Chapter 9. From the ‘Unfinished Revolution’ to the ‘Defence of the Revolution’: Framing the Transition in Austerity-Era Portugal

This chapter analyses how political actors from ‘the arc of opposition’, particularly social movements, trade unions and left-wing political parties mobilised the memory of the Revolution in Portugal during the country’s ‘years of austerity’ between 2010 and 2015—a period when, under the direction of the troika (EU–ECB–IMF) of international lenders, Portuguese governments embarked on a series of spending cuts and supply-side reforms in the context of economic crisis and high unemployment. It proposes that three framings of transition emerged particularly strongly across the period: (i) as a tool to shape collective political identities and their legitimacy; (ii) by articulating a series of rights and institutions as ‘conquests of the revolution’ now under threat; and finally (iii) by framing the work of the revolution as ‘unfinished’, i.e. requiring an overhaul of existing institutions. These framings were used at different points by a number of actors, and their weight across opposition evolved over the period. This chapter concludes by exploring the causes of the dynamic use of such frames, and their consequences for political developments in Portugal.
Tiago Carvalho, Pedro Ramos Pinto

Chapter 10. How National Histories Shaped the Politics of Crisis: South European Contrasts

This chapter outlines several fundamental crisis-era contrasts between the southern European cases of Portugal, Spain and Greece, arguing that the prior divergence in their national political histories—especially during the region’s transitions to democracy in the 1970s—largely accounts for the pattern of variation.
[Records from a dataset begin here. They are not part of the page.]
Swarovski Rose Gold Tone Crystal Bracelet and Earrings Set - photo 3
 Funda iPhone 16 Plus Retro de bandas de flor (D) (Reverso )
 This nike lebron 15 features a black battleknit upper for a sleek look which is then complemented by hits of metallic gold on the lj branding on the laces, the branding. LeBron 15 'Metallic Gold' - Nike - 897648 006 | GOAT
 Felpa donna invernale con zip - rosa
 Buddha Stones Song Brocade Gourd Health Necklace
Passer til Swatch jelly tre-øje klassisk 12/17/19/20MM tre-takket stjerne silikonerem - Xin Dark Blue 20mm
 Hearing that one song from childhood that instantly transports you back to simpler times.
Both in the road to crisis and in the handling of its effects, the countries of southern Europe have followed markedly different trajectories that are reflective of forms of political practice rooted in the democratisation pathways which initiated the ultimately global “Third Wave”. The chapter argues that large cross-case differences in the pathway followed to democracy in the 1970s—alongside several crucial “critical antecedents” in the countries’ political histories—put in place enduring differences in predominant forms of political life, a pattern of dissimilarity that has manifested itself with special clarity in the nature and place of public protest in democracy’s institutionally recognized “conversation”.
Robert M. Fishman



Chapter 11. A Transnational Epilogue

This chapter sums up the aims and findings of the book. As some authors have underlined, the struggle for the memory is a fight for the future, with long-lasting consequences for the political, cultural and economic fields. With its special focus on the evolution of the memory of transitions, the legacy of European values, and the impact of visions of the past on new grassroots movements and political actors, this volume seeks to describe the way these issues have been perceived over time. The present contribution further promotes a transnational comparison, providing some clues about the interrelatedness between the in-depth descriptions of distinct national case studies. Whereas the underlying similarities have been dealt with in the introduction, here the focus is more on the emerging differences between Spain, Greece and Portugal.